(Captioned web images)
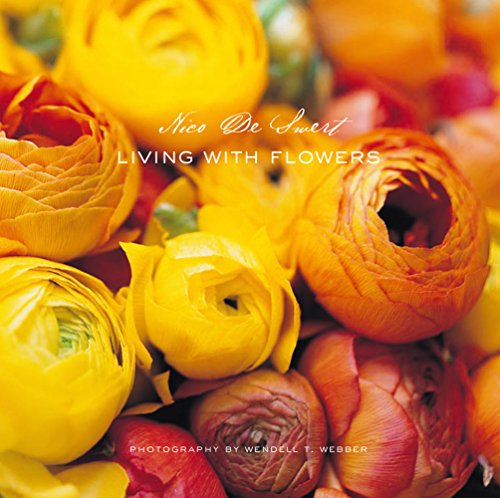 Imagen de archivo de Living with Flowers a la venta por Seattle Goodwill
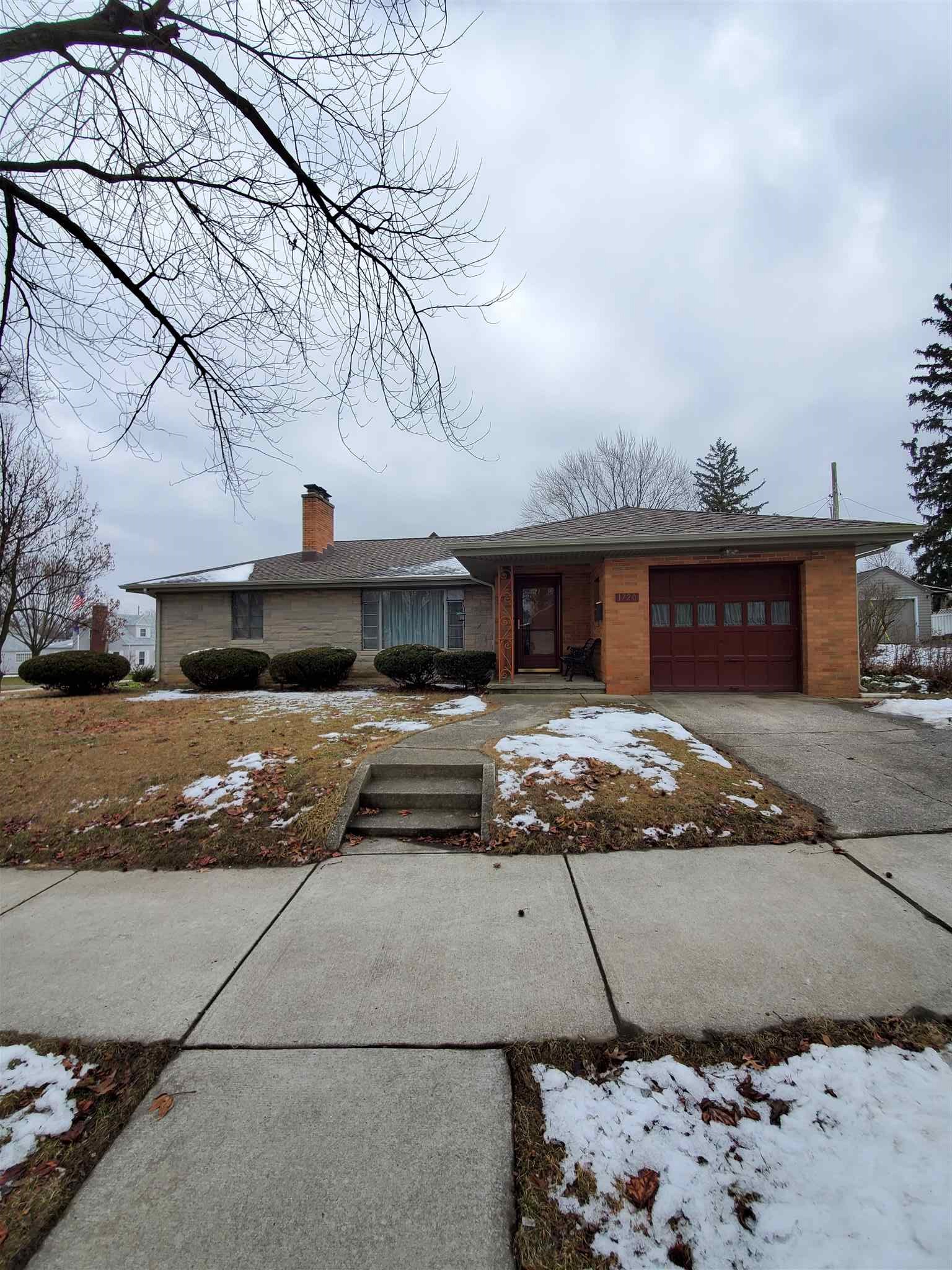 1720 Fairhill Road Fort Wayne, IN 46808 - Photo 1 of 32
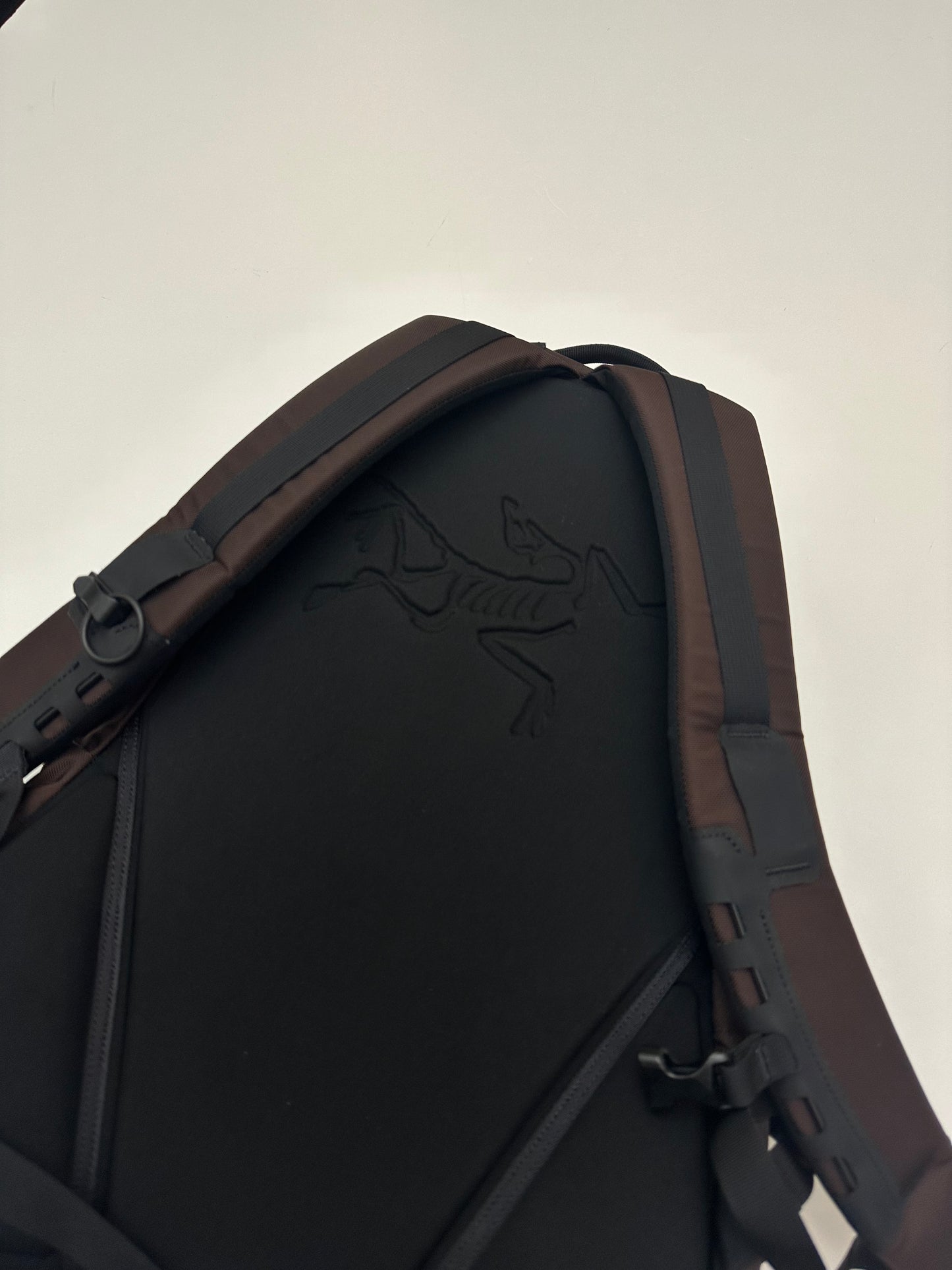 Arc’teryx Arro 16 Backpack Bitters / 24K Black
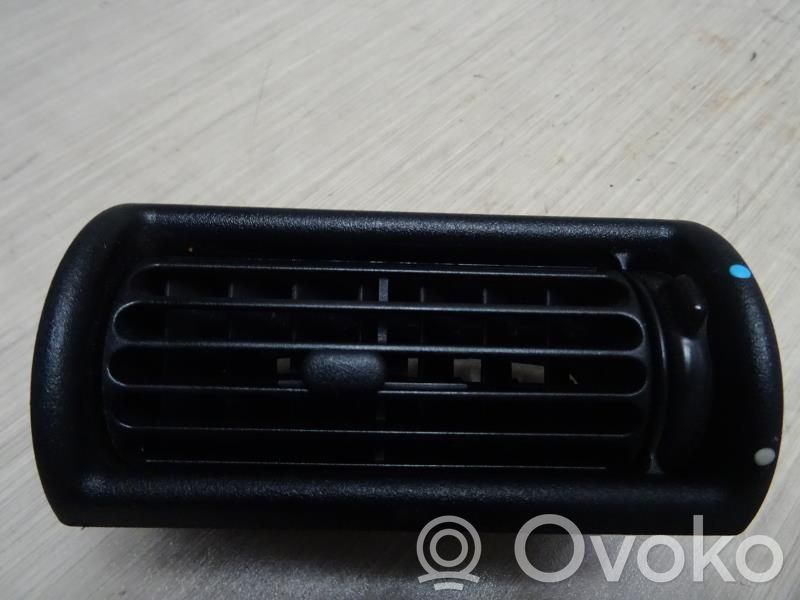 Grille d'aération centrale
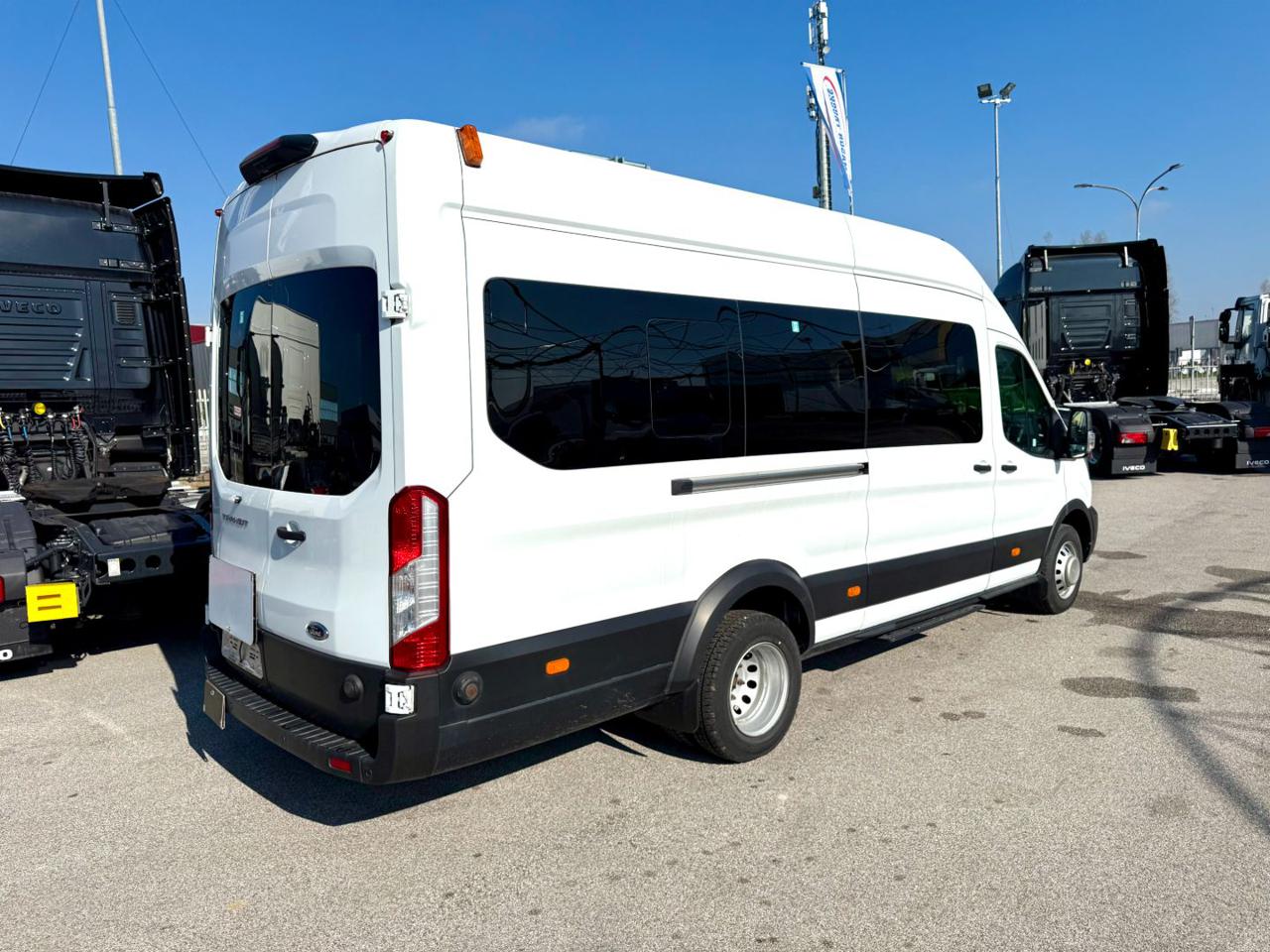 FORD TRANSIT MINIBUS 17 POSTI - 4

**Exercise goal**
Without including any picture, restate every entry above exactly.

**Reply**
 Imagen de archivo de Living with Flowers a la venta por Seattle Goodwill
 1720 Fairhill Road Fort Wayne, IN 46808 - Photo 1 of 32
 Arc’teryx Arro 16 Backpack Bitters / 24K Black
 Grille d'aération centrale
 FORD TRANSIT MINIBUS 17 POSTI - 4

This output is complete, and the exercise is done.